Megan McArdle (via Instapundit) makes some compelling points, taking a visit to England as an opportunity to reflect on Brexit — that is, the possible “British exit” from the European Union. She phrases the contentious issue in terms of class — with the elites and immigrants squeezing the natives between. Where she errs, I’d suggest, is in leaving open the possibility that the elites really do have a more-evolved moral framework:
… People do care more about people who are like them — who speak their language, eat their food, share their customs and values. And when elites try to ignore those sentiments — or banish them by declaring that they are simply racist — this doesn’t make the sentiments go away. It makes the non-elites suspect the elites of disloyalty. For though elites may find something vaguely horrifying about saying that you care more about people who are like you than you do about people who are culturally or geographically further away, the rest of the population is outraged by the never-stated corollary: that the elites running things feel no greater moral obligation to their fellow countrymen than they do to some random stranger in another country. And perhaps we can argue that this is the morally correct way to feel — but if it is truly the case, you can see why ordinary folks would be suspicious about allowing the elites to continue to exercise great power over their lives.
The sketch drawn in that paragraph needs revision in a couple of important ways. For one, it’s not just that elites exercise great power over our lives, but that we, as a society, have given them that power in order to act in our interests. It was once a deal, and it isn’t just rank nationalism to object to one side’s decision not to live up to its end of the bargain. In the classical arrangement, the elites of one area depended on the productivity of the people of their fiefdoms in order to compete with the elites of other areas. Now — although we distribute power with that arrangement still assumed — the elites’ priorities have flipped.
That leads to the second major revision necessary to McArdle’s picture: namely, that elites don’t just feel “no greater moral obligation” to their countrymen than to “some random stranger in another country,” but that they prioritize those strangers even more. Note this paragraph, which McArdle undervalues, treating it mainly as scene setting (emphasis added):
Luton is a city of about 200,000 people on the outskirts of London. It was once known for its manufacture of hats, and in 1905, Vauxhall Motors opened a manufacturing plant in Luton. The company stopped making passenger cars there in 2002, and the town is now — like so many places in Europe and America — looking for its post-industrial future. EasyJet, a budget airline, is based there, but as you so often find in similar cities in the U.S., the biggest employers are the local government and the local hospital. It has also had a dramatic shift in population. The Luton council estimates that “between 50% and 75% of the population would not have lived in Luton or not have been born at the time of the 2001 Census.” It is now minority white British, and only barely majority white.

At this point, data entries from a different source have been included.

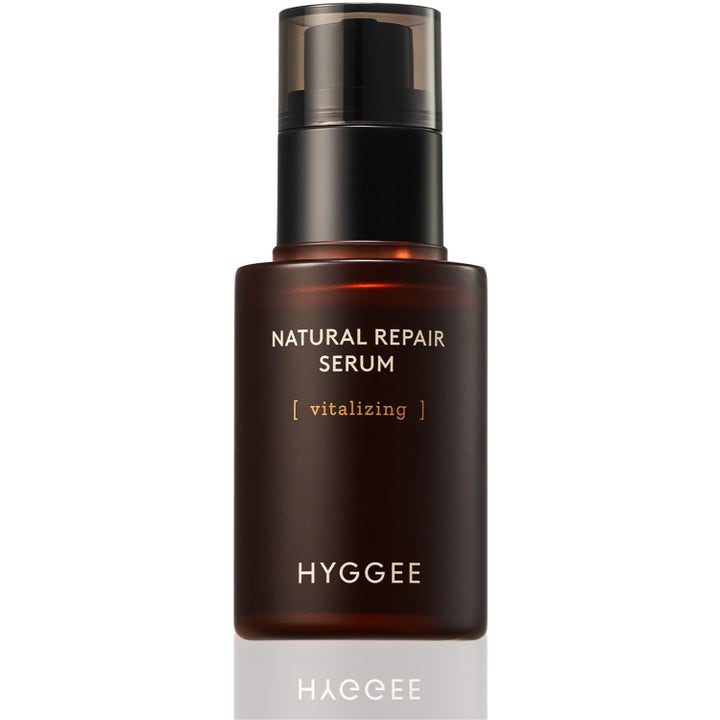Hyggee Natural Repair Serum 30 ml vitaliserende ansigtsserum i mørkebrun glasflaske med sort pumpe og låg
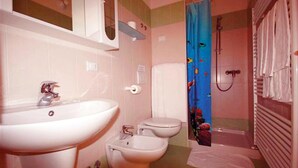 A bathroom with a sink, toilet, bidet, and shower. - Residence Oasi del Viandante, Dervio (Dervio)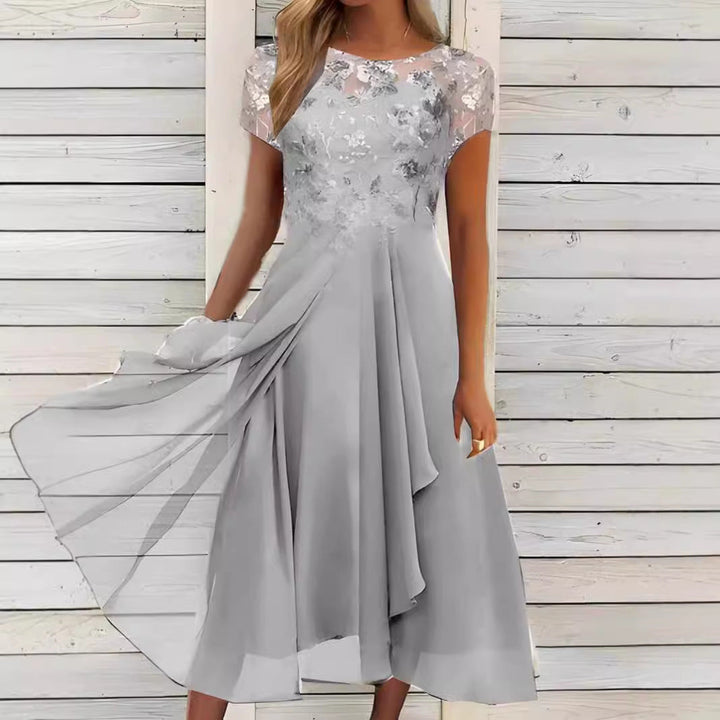 Damen nan elegantes Chiffon-Midikleid mit floraler Spitzenapplikation und fließendem Tellerrock Echoarchiv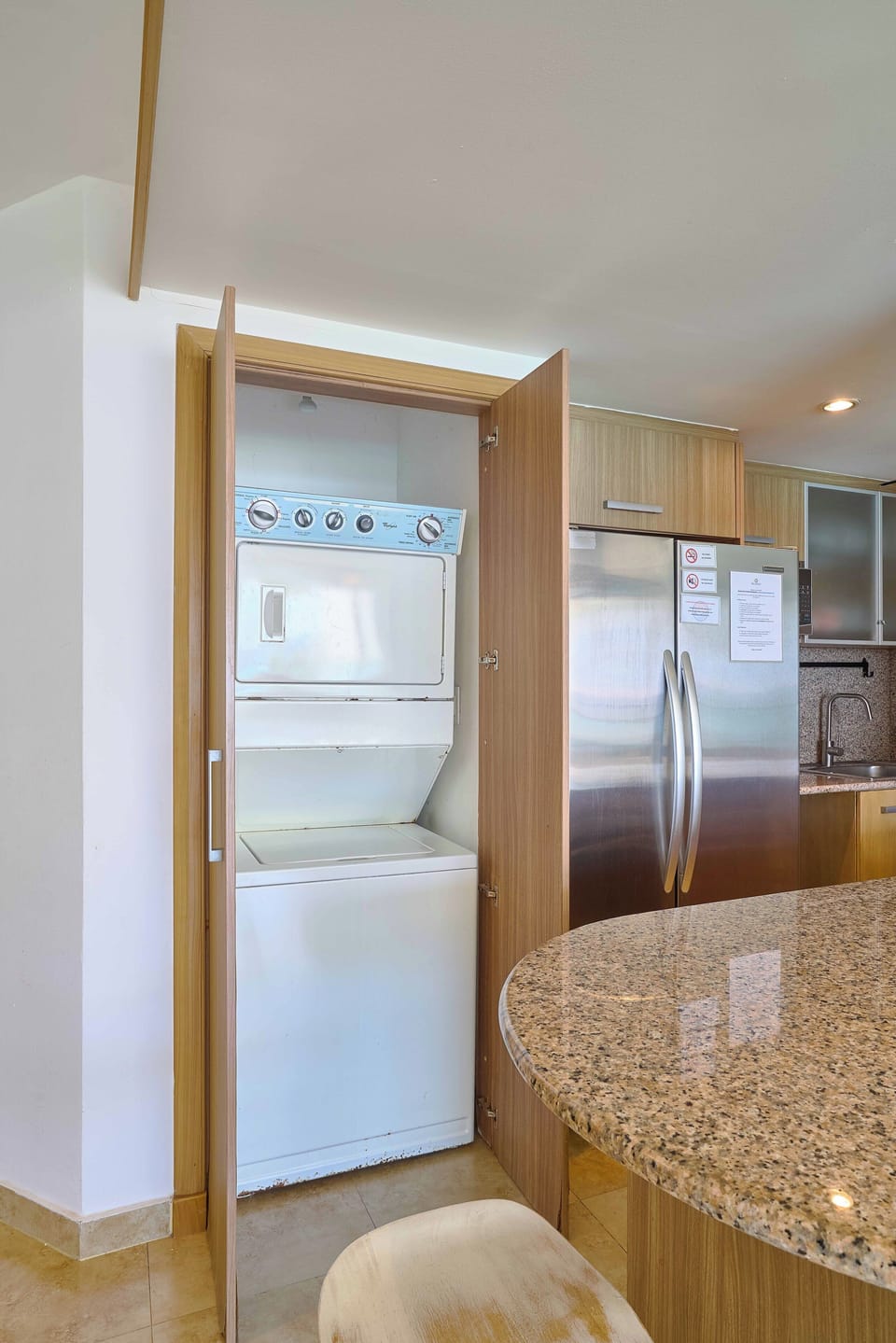 Washer & Dryer Inside – Enjoy the comfort of home during your stay — perfect for long vacations or family trips.
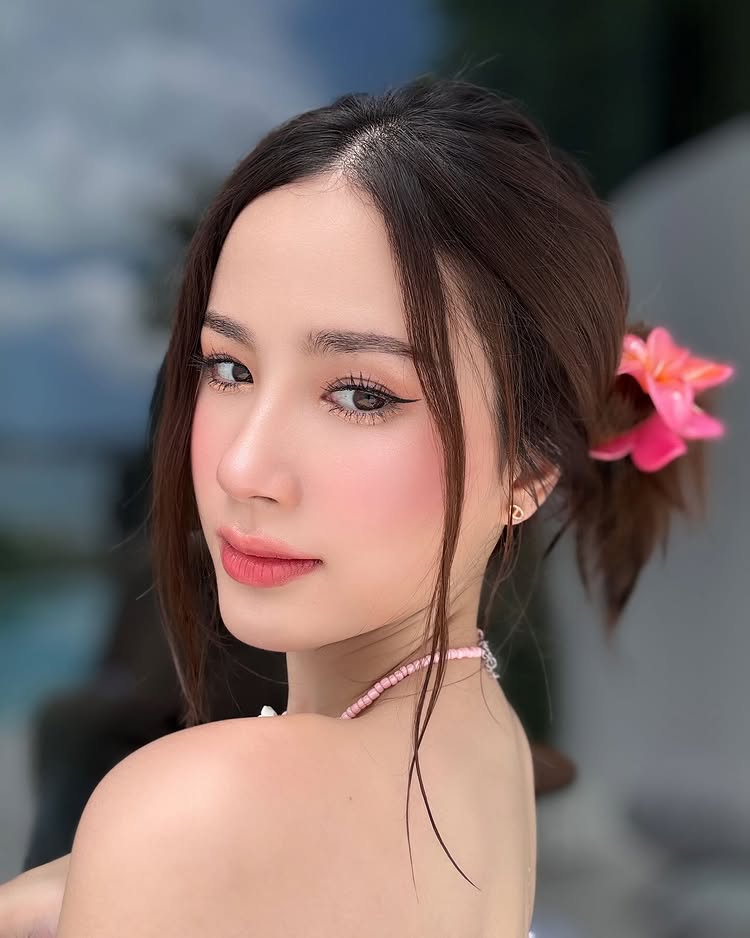 พัดพัด รัตน์ฟ้า นุ่งบิกินี่ตัวน้อย โชว์หุ่นขาวเซี้ยะริมหาดที่ภูเก็ต 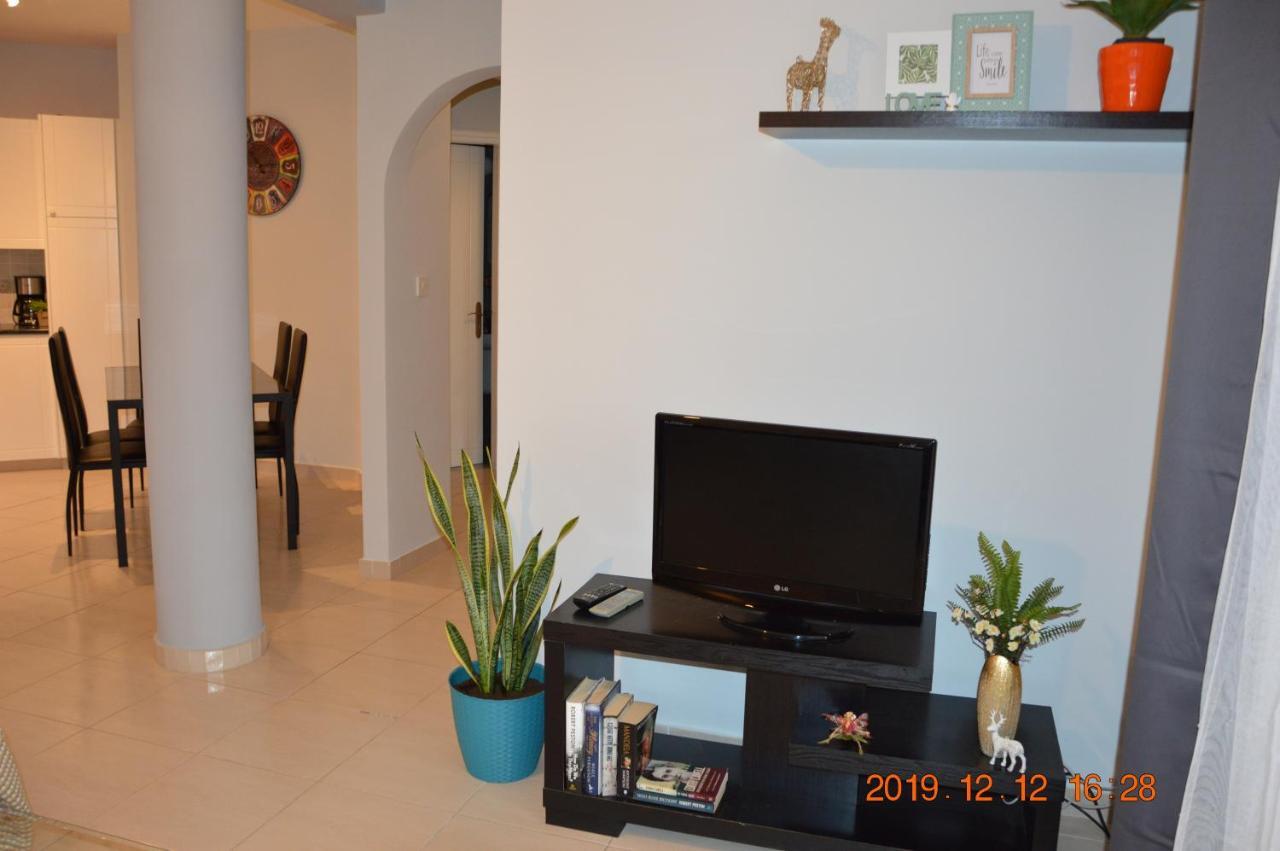 Luxury Apartment Paphos Exterior photo
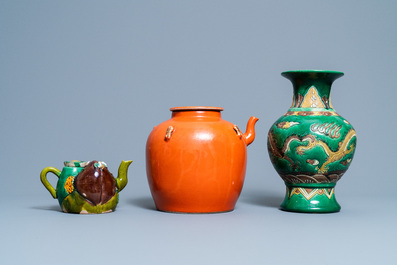 Een diverse collectie Chinees porselein, 19/20e eeuw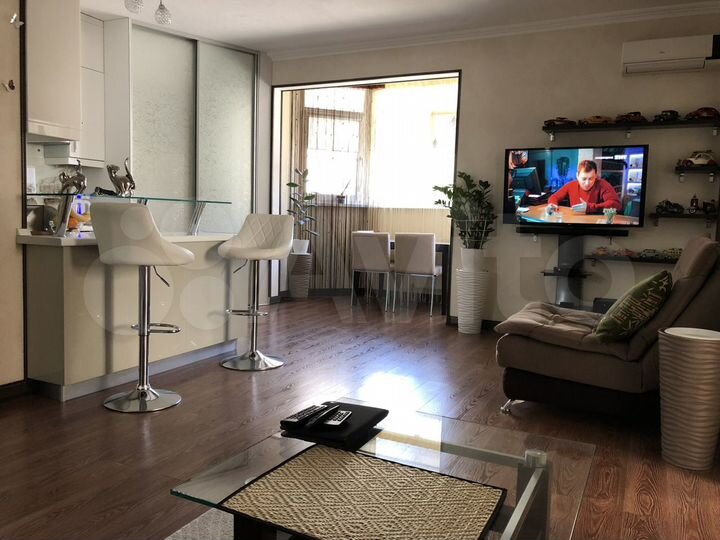 3-к. квартира, 93 м², 2/9 эт.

If that seems familiar to readers of this site, it may be the strong echo in a profile of Lawrence, Massachusetts, that appeared here last October:
A decade later, presumably with improved mobility and energy technology, the manufacturers began pulling up stakes and heading to the South, where they could still find non-union labor. Then, after the “forty year period of relative stability” spanning the Great Depression, World War II, and the early stages of national recuperation, the businesses began relocating again, this time to other countries. Those that remained chose the opposite strategy and effectively began importing less-expensive workers from the Hispanic regions to the South of the United States, which “continues today.” According to the 2010 Census, in a state that is 76% white-non-Hispanic, Lawrence is 74% Hispanic.
In Lawrence, too, government and services subsidized by government account for much of the local economy and all of its employment growth. That is, immigrants are no longer as McArdle describes their having been historically in the United States: “One group of immigrants moves in, creates an enclave, then gets rich, assimilates and moves out, making way for the next group that will throw a little of their food, their language and their customs into our vast melting pot.” Rather, just as the manufacturers that once exploited and dumped Lawrence tried importing foreign workers as cheaper labor, government and its satellites are now importing clients to ensure that their services continue to justify taxing others.
Technology and government have killed much of the opportunity that used to make cities incubators for new immigrant groups, so they won’t arrive of their own volition, and they won’t find it in their own economic interests to assimilate. Other incentives must be created, in a system of benefits that keeps up the leverage of elites who still rely upon place, but not upon the people originally from that place.
In our progressive, quasi-socialist society, elites sit atop a fiefdom of unionized government employees and the people to whom they offer services. Those who may share their national heritage, but not their economic model, are the Other, not because they’re mired in atavistic nationalism, but because they generally operate outside the loop of big government.